With the term `proof mining' we denote the activity of transforming a prima facie non-constructive proof into a new one from which certain computational information can be read off which was not visible beforehand.
Already in the 50's Georg Kreisel realized that logical techniques from proof theory -- originally developed for foundational purposes -- can be put to use here. In recent years, a more systematic proof theoretic approach to proof mining in numerical analysis emerged yielding new quantitative (and even qualitative) numerical results in approximation theory and fixed point theory and providing a bridge between mathematical numerical analysis and the area of computability (and complexity) in analysis which has mainly been developed by logicians (and complexity theorists).
Although proof mining has been applied also to e.g. number theory and combinatorics, the area of numerical (functional) analysis is of particular interest since here non-effectivity is at the core of many principles (like compactness arguments) which are used to ensure convergence.

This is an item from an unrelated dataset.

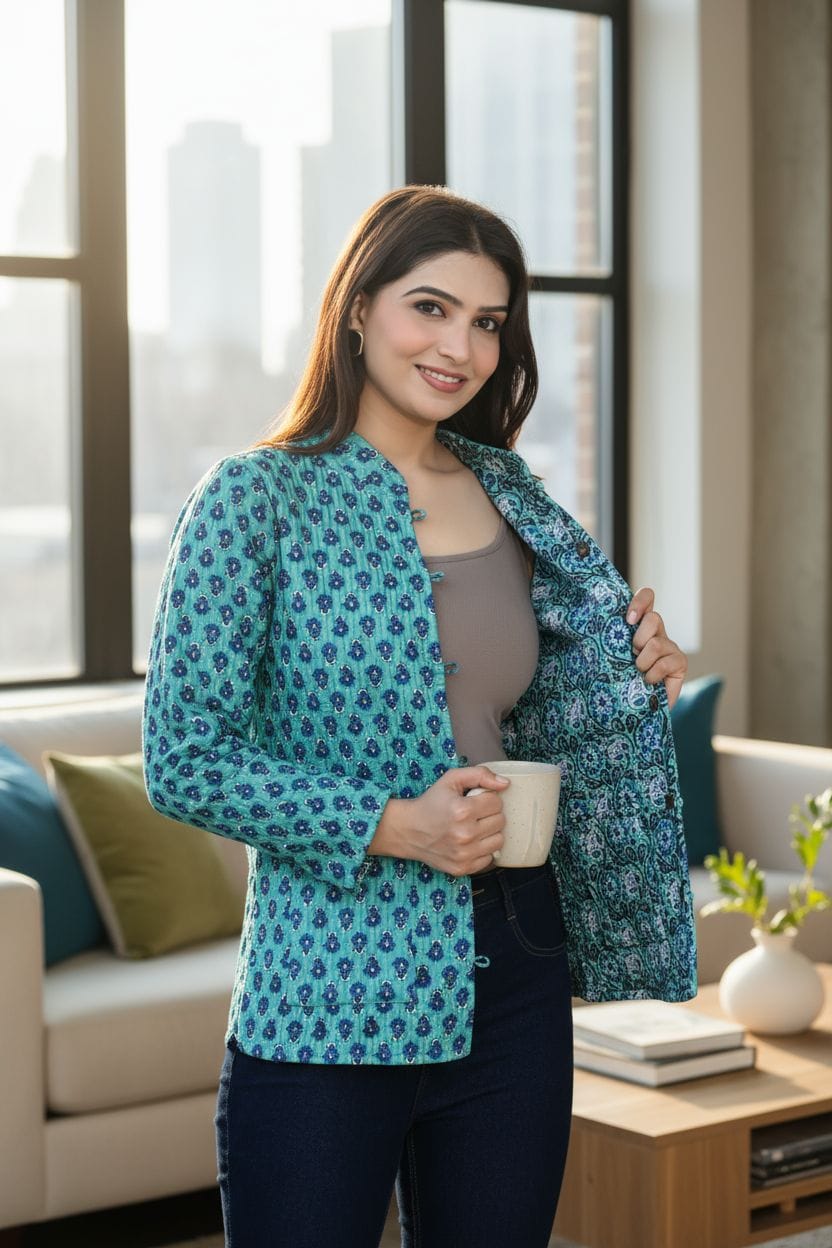 Beautiful Blue Pure Cotton Quilted Reversible Print Jackets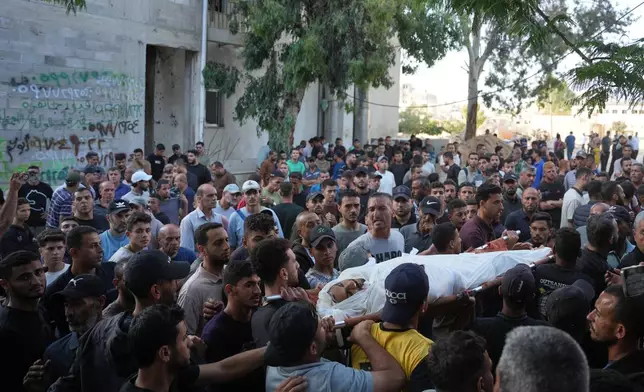 Mourners carry the body of Abdullah Qadoum, who was killed in an Israeli airstrike that targeted a tent housing Palestinians, during his funeral in Gaza City, Saturday, June 6, 2026. (AP Photo/Abdel Kareem Hana)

In mathematical terms this non-computability often is an obstacle to obtain a quantitative stability analysis and rates of convergence.
We will give a survey and discuss two recent applications concerning
(i) new uniform bounds for theorems of Ishikawa and Borwein-Reich-Shafrir on the asymptotic regularity of non-expansive mappings yielding even new qualitative results,
(ii) fully explicit description of the rate of strong unicity for best L_1-approximations of continuous functions by polynomials (joint work with Paulo Oliva).